Every year, thousands of whales migrate to Australia to escape the cold of Antarctica, where they not only relax but also breed, calve, and graze. If you follow Colin Thwaites’ advise, you’ll have a better chance of seeing these spectacular creatures off the coast of Australia’s largest metropolis. Here is a detailed guide to an enjoyable whale-watching trip in Sydney.
Sydney Whale Profile
Approximately 16,000 whales sail through Sydney’s seas each year. Most of these are humpback whales, although there are also southern right whales. The yearly migration is a sight to witness, with whales swimming, flipping, and rolling, attracting 1.6 million tourists to Sydney’s coastlines each year. Of course, humpbacks do not demonstrate command; we must adapt to them and look for them.
When should you go whale watching?
The Sydney whale viewing season is determined by migration patterns, which occur when whales leave the freezing waters of Antarctica to give birth in the milder waters of the Coral Sea and then return to Antarctica to forage. Although the season starts further south in April, the best time to watch whales in Sydney is from May to November.
Between May and August, the whales migrate north to Tropical North Queensland. They move south to Antarctica with their newborn calves from mid-August until November. This is a must-see! Whale sightings in Sydney waters are not unusual in December, however the frequency of sightings is fairly low.
How to Get the Most Out of a Whale-Watching Cruise
If you get a good view, whale watching can be one of the best experiences of your life – and you often get better views from a boat. It may be pricier than your other options, but it may be worthwhile. There are cruises to meet a wide range of budgets, depending on the length of the excursion, the time of day, and what’s included. Follow these pointers to get the most of your tour:
- Book in the afternoon because the prices are lower in the morning when there are fewer people. If you want a better chance of spotting whales, go in the afternoon.
- Book tours with guaranteed attractions – different businesses’ policies vary on this. Make careful to understand how the guarantee works.
- Aim for a four-hour trip on the water; it would be a shame to schedule an hour or two in advance and see nothing. Obviously, the longer you stay, the more likely you will witness a stunning performance.
- You can go whale watching in the winter, but it’s best to go in the spring, when the calves are born. Mothers can be seen feeding their calves and training them to swim.
- Choose a cruise that includes meals and drinks – You can always bring your food and drink, but wouldn’t it be so much easier if you didn’t have to think about that?
- Make sure you have an expert on board – this is especially important if you bring children so they can comprehend all the facts and data about whales.
Sydney’s Unique Attractions (from the dry land)
Not yet prepared for a yachting adventure? Numerous viewing places surrounding Botany Bay’s mouth are perfect for offshore whale watching.

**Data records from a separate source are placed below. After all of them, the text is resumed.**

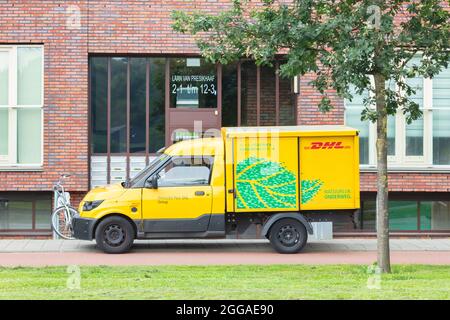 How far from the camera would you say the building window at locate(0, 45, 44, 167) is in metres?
19.6

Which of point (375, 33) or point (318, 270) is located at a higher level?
point (375, 33)

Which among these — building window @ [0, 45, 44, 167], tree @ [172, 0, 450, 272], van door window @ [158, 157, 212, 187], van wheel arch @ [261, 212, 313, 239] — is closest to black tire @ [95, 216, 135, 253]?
van door window @ [158, 157, 212, 187]

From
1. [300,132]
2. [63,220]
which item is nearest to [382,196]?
[300,132]

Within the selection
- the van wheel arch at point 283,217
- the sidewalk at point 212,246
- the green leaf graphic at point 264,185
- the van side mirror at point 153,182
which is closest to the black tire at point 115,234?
the sidewalk at point 212,246

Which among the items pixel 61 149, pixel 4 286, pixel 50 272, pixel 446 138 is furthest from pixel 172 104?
pixel 4 286

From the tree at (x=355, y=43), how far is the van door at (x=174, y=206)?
12.1 ft

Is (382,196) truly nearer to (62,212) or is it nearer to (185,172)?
(185,172)

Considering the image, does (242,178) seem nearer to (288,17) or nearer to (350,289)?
(288,17)

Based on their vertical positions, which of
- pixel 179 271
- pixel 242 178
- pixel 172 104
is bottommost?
pixel 179 271

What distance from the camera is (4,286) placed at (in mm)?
11367

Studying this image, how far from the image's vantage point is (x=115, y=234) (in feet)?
54.9

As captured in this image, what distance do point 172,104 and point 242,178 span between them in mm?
3843

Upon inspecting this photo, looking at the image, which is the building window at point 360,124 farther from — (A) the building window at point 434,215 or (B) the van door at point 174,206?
(B) the van door at point 174,206

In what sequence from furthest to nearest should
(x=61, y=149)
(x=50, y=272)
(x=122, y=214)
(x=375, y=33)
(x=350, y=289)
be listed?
1. (x=61, y=149)
2. (x=122, y=214)
3. (x=50, y=272)
4. (x=375, y=33)
5. (x=350, y=289) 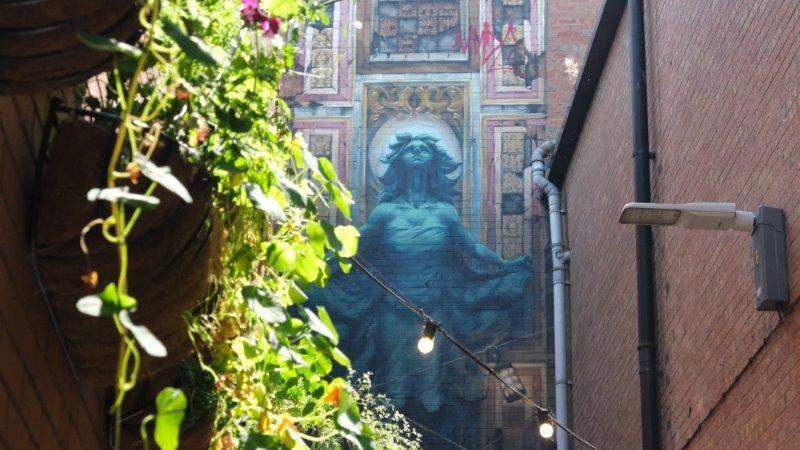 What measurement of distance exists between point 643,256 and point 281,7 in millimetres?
7697

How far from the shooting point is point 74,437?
3.43 meters

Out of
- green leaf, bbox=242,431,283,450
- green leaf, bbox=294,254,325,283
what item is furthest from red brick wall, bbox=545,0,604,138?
green leaf, bbox=242,431,283,450

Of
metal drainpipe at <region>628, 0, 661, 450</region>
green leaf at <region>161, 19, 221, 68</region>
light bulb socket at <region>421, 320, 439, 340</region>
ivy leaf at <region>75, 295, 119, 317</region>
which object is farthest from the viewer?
light bulb socket at <region>421, 320, 439, 340</region>

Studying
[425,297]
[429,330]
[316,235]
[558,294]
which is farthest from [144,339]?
[425,297]

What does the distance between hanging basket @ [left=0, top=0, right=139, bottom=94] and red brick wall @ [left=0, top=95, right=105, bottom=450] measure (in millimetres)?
301

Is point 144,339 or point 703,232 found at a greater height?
point 703,232

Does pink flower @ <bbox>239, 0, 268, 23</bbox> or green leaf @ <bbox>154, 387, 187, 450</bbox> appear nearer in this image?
green leaf @ <bbox>154, 387, 187, 450</bbox>

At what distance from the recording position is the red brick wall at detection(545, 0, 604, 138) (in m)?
17.5

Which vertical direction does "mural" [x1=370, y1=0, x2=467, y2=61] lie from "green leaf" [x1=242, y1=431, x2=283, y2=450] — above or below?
above

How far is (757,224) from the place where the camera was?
22.7 feet

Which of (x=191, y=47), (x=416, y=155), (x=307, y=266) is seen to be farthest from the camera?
(x=416, y=155)

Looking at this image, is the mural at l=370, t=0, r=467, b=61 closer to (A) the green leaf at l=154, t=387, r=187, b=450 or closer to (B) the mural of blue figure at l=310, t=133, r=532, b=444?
(B) the mural of blue figure at l=310, t=133, r=532, b=444

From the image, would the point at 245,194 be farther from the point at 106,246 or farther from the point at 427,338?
the point at 427,338

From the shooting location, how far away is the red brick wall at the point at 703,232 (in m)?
6.94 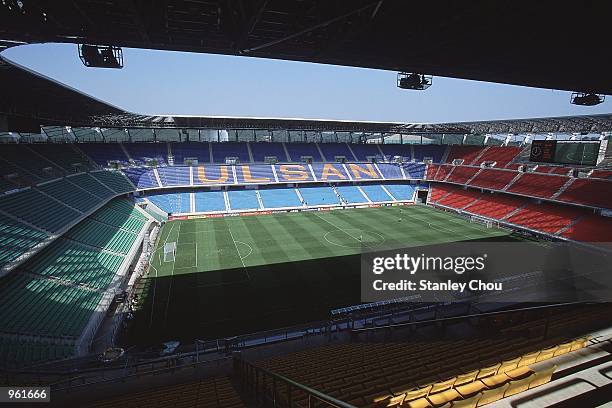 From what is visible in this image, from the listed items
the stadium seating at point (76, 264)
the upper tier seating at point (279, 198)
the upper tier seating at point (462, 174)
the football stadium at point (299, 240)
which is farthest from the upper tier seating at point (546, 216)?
the stadium seating at point (76, 264)

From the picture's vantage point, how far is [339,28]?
8.33 m

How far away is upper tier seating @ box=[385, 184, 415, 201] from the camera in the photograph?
4747 cm

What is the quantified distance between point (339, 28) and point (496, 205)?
121ft

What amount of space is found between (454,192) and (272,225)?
27261 millimetres

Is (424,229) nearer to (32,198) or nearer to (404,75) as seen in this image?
(404,75)

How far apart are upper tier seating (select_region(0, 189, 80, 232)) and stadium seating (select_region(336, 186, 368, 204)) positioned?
31.3 metres

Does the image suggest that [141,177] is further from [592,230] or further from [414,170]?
[592,230]

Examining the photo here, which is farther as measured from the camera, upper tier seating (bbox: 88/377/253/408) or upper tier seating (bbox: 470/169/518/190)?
upper tier seating (bbox: 470/169/518/190)

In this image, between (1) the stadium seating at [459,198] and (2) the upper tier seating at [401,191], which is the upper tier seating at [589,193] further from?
(2) the upper tier seating at [401,191]

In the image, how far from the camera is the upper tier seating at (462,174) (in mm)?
44812

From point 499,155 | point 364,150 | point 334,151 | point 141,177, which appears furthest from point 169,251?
point 499,155

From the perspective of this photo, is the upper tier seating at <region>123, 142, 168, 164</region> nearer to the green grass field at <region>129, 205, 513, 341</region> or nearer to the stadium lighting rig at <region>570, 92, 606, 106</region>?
the green grass field at <region>129, 205, 513, 341</region>

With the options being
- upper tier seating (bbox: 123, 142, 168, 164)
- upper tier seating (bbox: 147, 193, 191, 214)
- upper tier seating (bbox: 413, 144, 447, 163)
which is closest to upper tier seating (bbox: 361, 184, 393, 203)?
upper tier seating (bbox: 413, 144, 447, 163)

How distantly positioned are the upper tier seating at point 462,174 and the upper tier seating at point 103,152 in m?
45.5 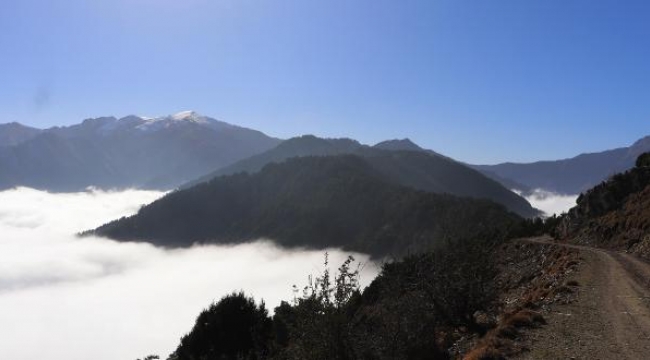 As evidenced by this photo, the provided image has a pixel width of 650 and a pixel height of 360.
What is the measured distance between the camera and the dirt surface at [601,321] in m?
17.3

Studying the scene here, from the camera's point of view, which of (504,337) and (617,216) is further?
(617,216)

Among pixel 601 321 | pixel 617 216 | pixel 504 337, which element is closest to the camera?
pixel 504 337

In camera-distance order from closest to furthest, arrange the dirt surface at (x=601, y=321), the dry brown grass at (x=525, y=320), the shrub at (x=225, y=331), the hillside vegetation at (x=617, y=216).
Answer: the dirt surface at (x=601, y=321) < the dry brown grass at (x=525, y=320) < the shrub at (x=225, y=331) < the hillside vegetation at (x=617, y=216)

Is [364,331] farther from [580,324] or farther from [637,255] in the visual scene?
[637,255]

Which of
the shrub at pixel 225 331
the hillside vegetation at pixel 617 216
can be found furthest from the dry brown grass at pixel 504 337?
the shrub at pixel 225 331

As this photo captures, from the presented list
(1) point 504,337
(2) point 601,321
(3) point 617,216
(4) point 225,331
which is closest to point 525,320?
(1) point 504,337

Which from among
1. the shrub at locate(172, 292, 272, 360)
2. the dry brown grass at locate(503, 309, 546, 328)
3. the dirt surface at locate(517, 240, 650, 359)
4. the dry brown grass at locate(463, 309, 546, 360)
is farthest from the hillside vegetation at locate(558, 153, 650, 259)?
the shrub at locate(172, 292, 272, 360)

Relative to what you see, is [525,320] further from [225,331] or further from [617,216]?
[617,216]

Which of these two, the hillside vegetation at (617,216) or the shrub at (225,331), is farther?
the hillside vegetation at (617,216)

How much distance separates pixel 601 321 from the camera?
21.0m

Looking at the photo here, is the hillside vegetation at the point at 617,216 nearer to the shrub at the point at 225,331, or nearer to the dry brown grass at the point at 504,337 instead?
the dry brown grass at the point at 504,337

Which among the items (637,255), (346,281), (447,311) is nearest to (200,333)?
(447,311)

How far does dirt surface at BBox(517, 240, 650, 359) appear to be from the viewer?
17.3 metres

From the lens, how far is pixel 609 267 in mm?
33562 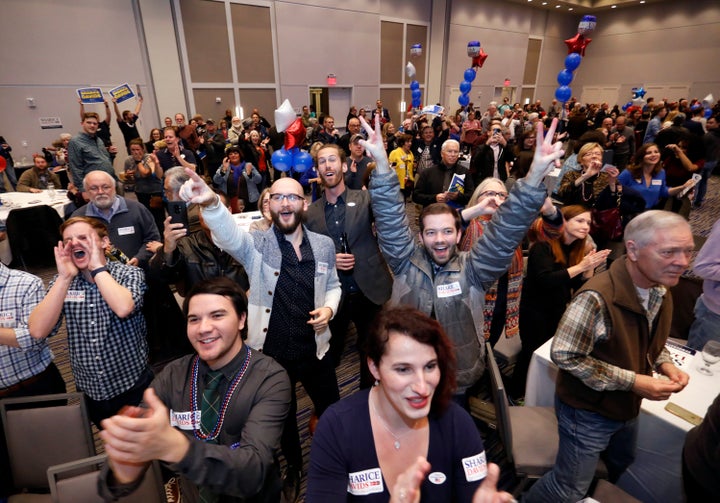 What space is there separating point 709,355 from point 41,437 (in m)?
3.54

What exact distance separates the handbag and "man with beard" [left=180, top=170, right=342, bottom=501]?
303 centimetres

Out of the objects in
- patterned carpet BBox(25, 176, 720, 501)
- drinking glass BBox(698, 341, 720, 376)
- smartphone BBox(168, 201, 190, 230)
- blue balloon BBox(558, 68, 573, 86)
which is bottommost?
patterned carpet BBox(25, 176, 720, 501)

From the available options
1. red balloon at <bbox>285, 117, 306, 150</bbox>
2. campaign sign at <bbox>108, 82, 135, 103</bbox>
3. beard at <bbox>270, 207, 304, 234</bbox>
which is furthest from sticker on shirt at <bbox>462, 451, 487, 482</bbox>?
campaign sign at <bbox>108, 82, 135, 103</bbox>

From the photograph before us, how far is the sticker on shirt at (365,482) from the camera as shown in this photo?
1273 millimetres

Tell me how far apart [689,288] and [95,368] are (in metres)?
4.00

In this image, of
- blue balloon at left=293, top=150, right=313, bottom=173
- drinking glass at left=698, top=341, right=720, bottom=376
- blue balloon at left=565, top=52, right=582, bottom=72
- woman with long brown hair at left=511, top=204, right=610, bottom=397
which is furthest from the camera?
blue balloon at left=565, top=52, right=582, bottom=72

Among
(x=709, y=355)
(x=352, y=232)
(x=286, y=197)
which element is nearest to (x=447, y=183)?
(x=352, y=232)

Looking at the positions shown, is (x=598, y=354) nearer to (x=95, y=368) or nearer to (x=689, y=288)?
(x=689, y=288)

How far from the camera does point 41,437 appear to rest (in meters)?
1.82

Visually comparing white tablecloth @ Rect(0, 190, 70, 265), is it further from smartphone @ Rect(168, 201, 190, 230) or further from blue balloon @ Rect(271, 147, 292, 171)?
smartphone @ Rect(168, 201, 190, 230)

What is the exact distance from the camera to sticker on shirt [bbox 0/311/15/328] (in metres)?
1.86

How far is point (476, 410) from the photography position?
282cm

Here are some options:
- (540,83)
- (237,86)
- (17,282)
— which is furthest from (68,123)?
(540,83)

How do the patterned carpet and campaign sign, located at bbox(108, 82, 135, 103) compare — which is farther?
campaign sign, located at bbox(108, 82, 135, 103) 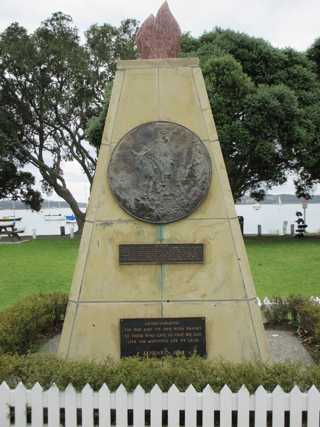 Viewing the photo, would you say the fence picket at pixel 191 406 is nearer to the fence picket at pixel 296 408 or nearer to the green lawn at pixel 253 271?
the fence picket at pixel 296 408

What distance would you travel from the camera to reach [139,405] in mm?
4480

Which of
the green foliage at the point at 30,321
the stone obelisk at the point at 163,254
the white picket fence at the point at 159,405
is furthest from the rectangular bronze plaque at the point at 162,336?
the green foliage at the point at 30,321

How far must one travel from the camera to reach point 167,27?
6484 millimetres

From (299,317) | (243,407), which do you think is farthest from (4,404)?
(299,317)

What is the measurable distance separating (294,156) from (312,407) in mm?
21469

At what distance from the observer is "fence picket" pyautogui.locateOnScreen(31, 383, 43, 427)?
14.9ft

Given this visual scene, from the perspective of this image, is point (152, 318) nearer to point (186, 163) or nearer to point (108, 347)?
point (108, 347)

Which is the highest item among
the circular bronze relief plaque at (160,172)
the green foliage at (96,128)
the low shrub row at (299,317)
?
the green foliage at (96,128)

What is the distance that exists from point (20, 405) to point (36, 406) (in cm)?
15

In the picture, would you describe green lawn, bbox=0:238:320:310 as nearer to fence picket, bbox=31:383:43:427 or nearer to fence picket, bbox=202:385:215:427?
fence picket, bbox=31:383:43:427

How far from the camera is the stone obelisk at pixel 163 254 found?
19.7 ft

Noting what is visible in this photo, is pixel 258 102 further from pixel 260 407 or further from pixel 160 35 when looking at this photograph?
pixel 260 407

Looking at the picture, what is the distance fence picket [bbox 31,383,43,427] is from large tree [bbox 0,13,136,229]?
97.4 feet

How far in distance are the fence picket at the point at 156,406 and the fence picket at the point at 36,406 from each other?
3.35 feet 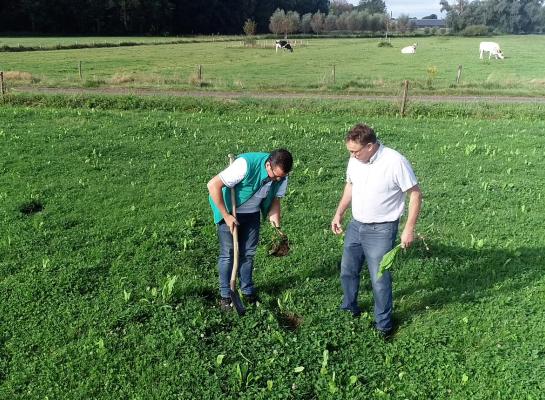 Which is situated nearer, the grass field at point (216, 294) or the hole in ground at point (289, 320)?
the grass field at point (216, 294)

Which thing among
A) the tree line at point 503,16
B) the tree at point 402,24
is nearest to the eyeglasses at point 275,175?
the tree line at point 503,16

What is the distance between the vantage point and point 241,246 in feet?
21.1

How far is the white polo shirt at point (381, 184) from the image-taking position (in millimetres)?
5297

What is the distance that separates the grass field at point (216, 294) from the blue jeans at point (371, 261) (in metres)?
0.24

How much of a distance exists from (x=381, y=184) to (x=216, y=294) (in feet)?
9.63

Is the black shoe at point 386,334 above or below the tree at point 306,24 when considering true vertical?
below

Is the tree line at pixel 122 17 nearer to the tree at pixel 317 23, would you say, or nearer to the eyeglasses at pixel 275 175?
the tree at pixel 317 23

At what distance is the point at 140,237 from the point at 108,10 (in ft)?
329

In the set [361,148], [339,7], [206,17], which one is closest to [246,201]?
[361,148]

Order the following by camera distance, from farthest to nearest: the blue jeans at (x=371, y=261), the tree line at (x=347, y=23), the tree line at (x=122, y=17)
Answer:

The Bare Island Fort at La Perouse (16 kilometers southeast of Sydney’s CBD) offers a spectacular setting ideal for whale watching, picnics, bird watching, and exploration. It’s only open on Sundays, but the wait is well worth it.
Cape Solander, located directly across the harbor, is regarded as one of the greatest sites in Sydney for whale viewing from the shore — you can get within 200 meters of the swimming giants. It contains an observatory with information boards and is located near Kurnell in Kamay Botany Bay National Park.
Alternatively, around an hour’s walk away, the Muru and Yena paths will lead you to cliffs overlooking the Pacific Ocean to view whale performances. The Cape Baily Coastal Walk is a two-and-a-half-hour climb to the cliffs for the more daring. Even if you don’t get to see whales, you will have the opportunity to see wildflowers and birds such as sea eagles, kestrels, and terns.